Guillaume Apollinaire (1880-1918) sintió la necesidad de ser más francés que nadie, quizá porque aunque había nacido en Roma era de ascendencia polaca, quizá porque en 1911 había estado unos días en la cárcel, junto con Pablo Picasso, acusado de robar la Gioconda del Museo del Louvre. Quizás porque, al fin y al cabo, era un extranjero en ese París de principios de siglo al que todo el mundo quería pertenecer.
Así que cuando llegó la Gran Guerra se alistó rápido para defender a Francia y, sin quererlo, dejó atrás uno de los libros más llamativos de su trayectoria. En un vibrante comienzo del s. XX él ya había perdido el miedo al pudor y se pasó años escribiendo los prólogos de las grandes novelas eróticas de la historia. Se atrevió con Fanny Hill, con Un verano en el campo o con Venus en India.
El encargo le había llegado en 1908, de la mano de Robert y Georges Briffaut, directores de la editorial L'Édition. Él tenía 28 años y le pidieron un análisis en profundidad sobre el marqués de Sade, el cura español Francisco Delicado o sobre John Cleland; sobre todo aquello que el romanticismo había calificado de obsceno y que le llevó a rebuscar en grandes bibliotecas, releer y reentender una sexualidad que él ya sabía más amplía y más libre.

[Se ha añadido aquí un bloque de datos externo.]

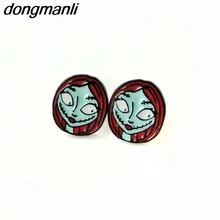 WS1218 Новое поступление, Кошмар перед Рождеством, серьги для женщин, серьги-гвоздики, женский подарок, модные ювелирные изделия, аксессуары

El poeta cubista, el germen del surrealismo, no se tomó el encargo a la ligera. Al contrario, como explica Julio Monteverde en el prólogo de Los diablos enamorados que recoge todos estos textos que no se consiguieron publicar juntos hasta 1968 (50 años después de la muerte de Apollinaire) y que ahora se publican por primera vez en España gracias a la editorial sevillana El Paseo; el autor, un "erotómano incorregible, de constitución libertina, ya en el pasado había realizado trabajos similares, entre los que destacó la escritura de una novela erótica de claros ecos sadianos: Las once mil vergas". Una obra que se convirtió en la favorita de su amigo, y compañero de celda, Pablo Picasso.
Así que empezó con un primer encargado (Sade, del que realizó su conocido estudio, y Aretino) y continuó "con mayor o menor regularidad" con estas colaboraciones hasta 1917 (con la I Guerra Mundial como paréntesis), "año en que entregó su famosa introducción a Las flores del mal de Baudelaire", que también incluye esta publicación.
"Este libro es una caja negra en la que han quedado registradas algunas de esas formas de entender el impulso erótico. Su autor, como se verá, era un auténtico poeta, en el más alto sentido de la palabra", explica Monteverde que asegura que "tenía el suficiente respeto por todos los textos como para proyectar su publicación en un volumen específico que incluye todos los prólogos que escribió".
En ellos se puede ver mejor al poeta, al que fue muy poco fanático de las consideradas obras maestras y siempre buscó en las esquinas de la literatura una manera mejor de leer el mundo. Era apasionado, libre en cuanto a sexualidad, lleno de perspectivas distintas y menos erudito de lo esperado.
Los mejores párrafos de esta obra son justo aquellos en los que el autor se deja llevar por lo que ama por encima de sus deberes literarios"
"Ahora parece claro que Apollinaire se vistió de estudioso para poder hacer lo que deseaba como poeta. Y todo esto tendría relativa importancia si no fuera porque en la actualidad lo que más conmueve de este volumen es precisamente todo aquello que desborda su marco de texto erudito", asegura el prologuista y continúa sentenciando que "los mejores párrafos de esta obra son justo aquellos en los que el autor se deja llevar por lo que ama por encima de sus deberes literarios".
Y le muestran como ya le había calificado Maurice Blanchot, como un 'Moisés laico', "porque guió a los pueblos de la vanguardia artística a la tierra prometida, y que como aquel murió justo antes de poder habitarla".
También como un libertino, si lo miramos con ojos su época. Sobre el caballero Nerciat, del siglo XVIII, escribió: "El amor, el amor físico, aparecía por todas partes. Los filósofos, los sabios, las gentes de letras, todos lo hombres, todas las mujeres, se preocupan por él. No era como en nuestros días una estatua de un pequeño dios desnudo y enfermo disparando flechas con los ojos vendados, un vergonzoso objeto de curiosidad, un tema de observaciones médicas y retrospectivas. Volaba con libertad en los parques sombreados donde el dios de los jardines le daba cobijo". Dejando clara su postura ante el puritanismo de aquellos años.